2. La reconnaissance peut être limitée à certains milieux. Ainsi, le parc néo-zélandais de Te Urewera a obtenu en 2014 la personnalité morale et se trouve doté d'un Conseil le représentant et le défendant en tant que personne En Inde, la Haute cour de l'Etat de l'Uttarakhand a posé en 2017 que le Gange est une entité vivante recevable à défendre ses droits. Enfin, en avril 2021 la personnalité juridique a été reconnue à la rivière Magpie située au Québec dans un territoire Innu.
3. L'initiative privée, certes dépourvue de valeur en droit mais d'une forte influence, n'est pas en reste. Ainsi, en 2021 ont été lancées en France les premières Déclarations des droits d'entités naturelles, en l'espèce les fleuves Tavignanu et La Têt.
Comme le faisait remarquer Christopher D. Stone, il est impensable que l'on ne puisse plus couper un seul arbre. Le réalisme conduit à ce qu'un choix soit opéré parmi les droits conférés à la nature, certains étant plus fondamentaux que d'autres. En écho, viennent d'autres questions comme savoir si la nature peut transiger ou contractualiser ses droits. L'action en justice de la nature est-elle imprescriptible et qu'en est-il de la charge de la preuve ? Enfin, comment les représentants de la nature seront-ils désignés et quelle sera la nature de leur mission ?
Ces questions ne sont pas simples au plan des principes ; et la difficulté est d'autant plus grande que, dans un monde juridique global, il faut mesurer les effets induits sur les autres branches du droit des solutions mises en œuvre pour la nature.
Certes, au plan symbolique, ériger la nature au rang de personne c'est en faire au moins un autre "nous-même" ; c'est aussi mieux sensibiliser aux atteintes aux milieux naturels et lutter contre de futurs dommages.
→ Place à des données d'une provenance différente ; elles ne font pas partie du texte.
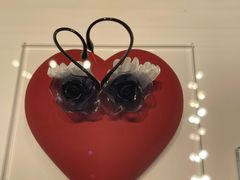 -BLACKSWAN黑天鹅(新希望店)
Mais, cette reconnaissance modifiera-t-elle concrètement la protection de la nature par le droit par rapport à ce qui existe d'ores et déjà ? On peut en douter.
1. Pour s'en convaincre, force est de constater que la nature n'est pas en mal de représentation. Ses intérêts peuvent s'incarner dans l'intérêt général et l'action publique, et bénéficient, par une sorte d'effet d'aubaine, des actions notamment contentieuses des personnes privées. Mais la représentation est surtout le fait d'associations de défense de l'environnement.
2. Ensuite, le droit à l'information est tout aussi ouvert aux représentants de la nature : les autorités administratives doivent mettre à disposition un nombre impressionnant d'informations sur l'environnement ; l'information est aussi accessible grâce au droit d'accès aux documents administratifs et à l'information environnementale. La participation à la décision environnementale est déjà assurée. En particulier, s'agissant des décisions individuelles, elle l'est en amont des projets par le débat public puis en aval par l'enquête publique. Enfin, l'accès au juge est très largement ouvert grâce à une jurisprudence large s'agissant du contrôle de l'intérêt à agir des requérants environnementaux.
3. Enfin, un élément essentiel réside dans la réparation du préjudice écologique à savoir l'"atteinte non négligeable aux éléments ou aux fonctions des écosystèmes ou aux bénéfices collectifs tirés par l'homme de l'environnement" ; l'action en réparation est ouverte aux collectivités publiques et aux associations agréées de protection de la nature, et sa réparation doit s'effectuer par priorité en nature.
Dès lors, avant de se lancer dans une aventure juridique, il faut sûrement recenser toutes les ressources du droit positif et en exploiter toutes les potentialités.
[1] Christopher D. Stone, "Should trees have standing ? Towards legal rights for natural objects", Southern California Law Review, vol.45, 1972, p.450.